> _DIRECTIONS FOR THIS TASK_:
This calls for a verbatim copy of all the data, with no images carried over.

> _RECORDED INFORMATION_:
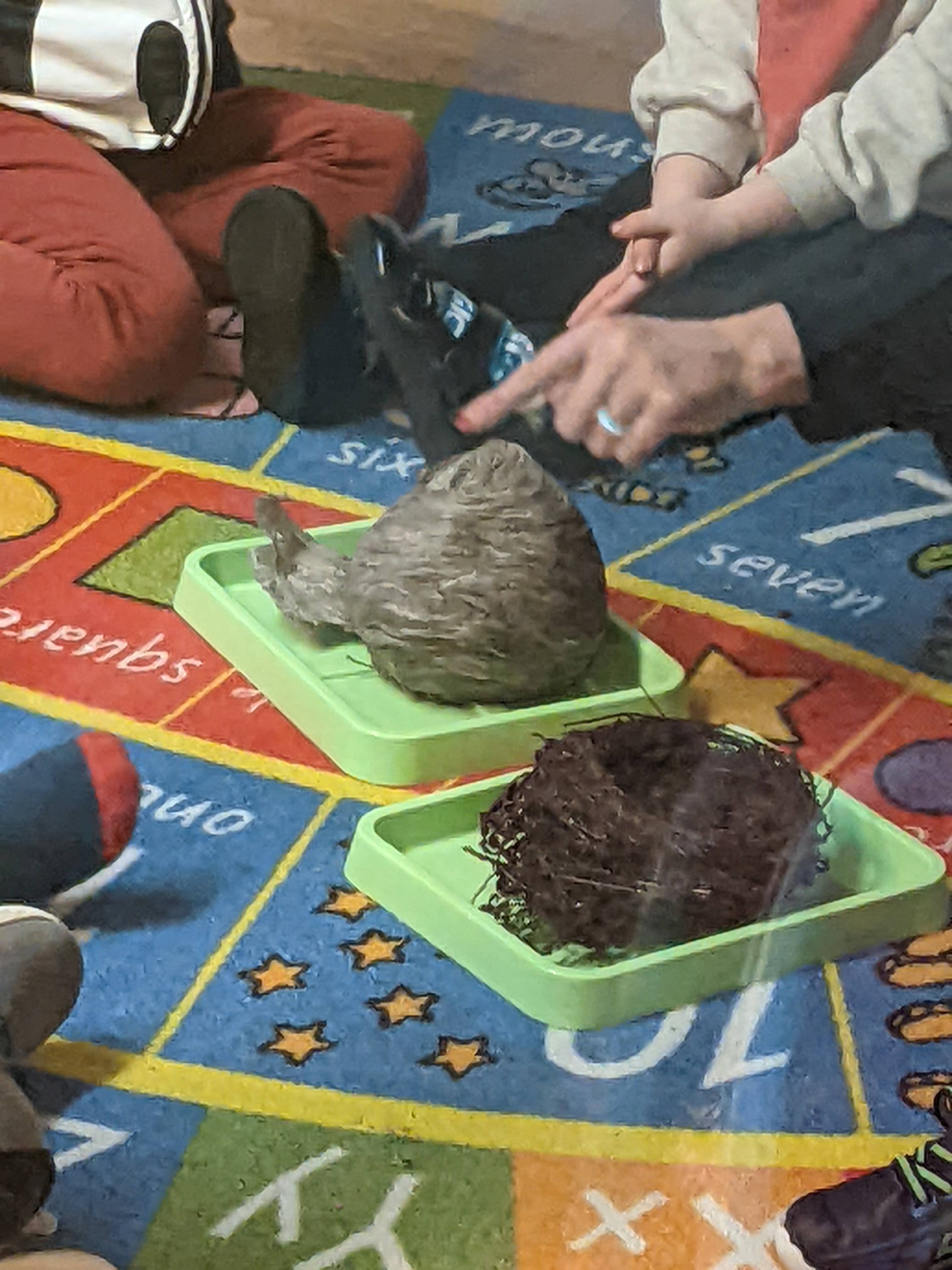 Children in class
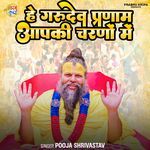 He gurudev pranam aapki charno me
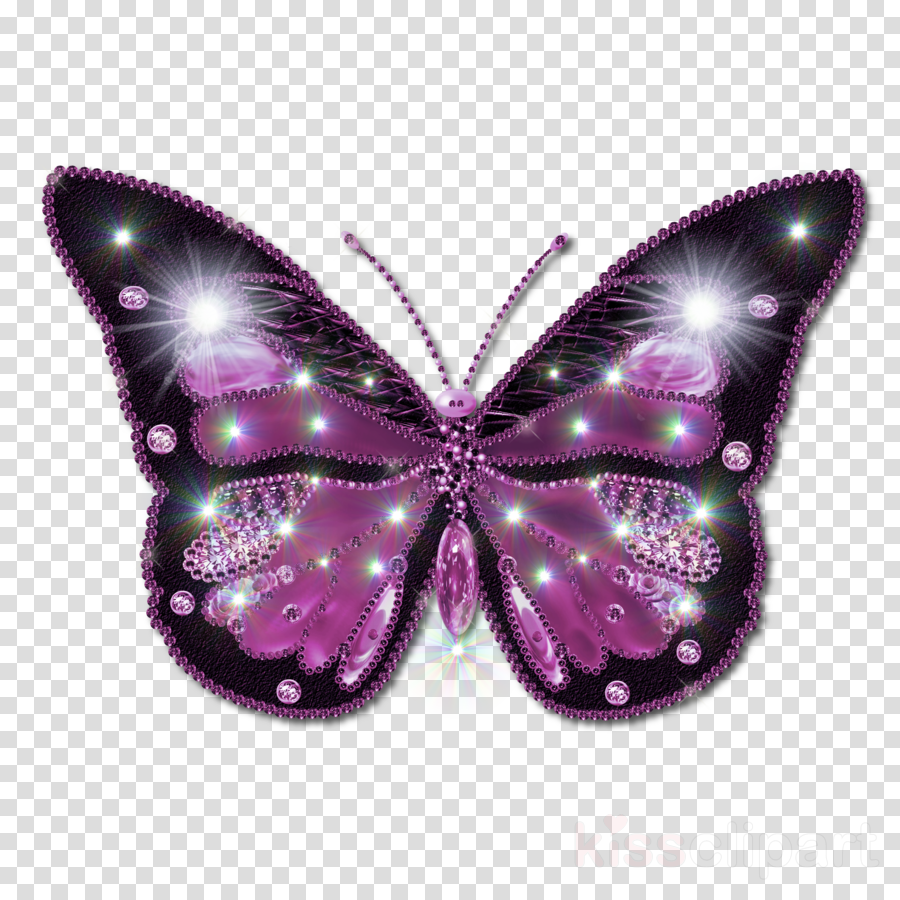 Beautiful Butterfly Png Clipart Butterfly Butterflies - Butterfly Png Hd (900x900), Png Download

> _RESPONSE BOX_:
 Children in class
 He gurudev pranam aapki charno me
 Beautiful Butterfly Png Clipart Butterfly Butterflies - Butterfly Png Hd (900x900), Png Download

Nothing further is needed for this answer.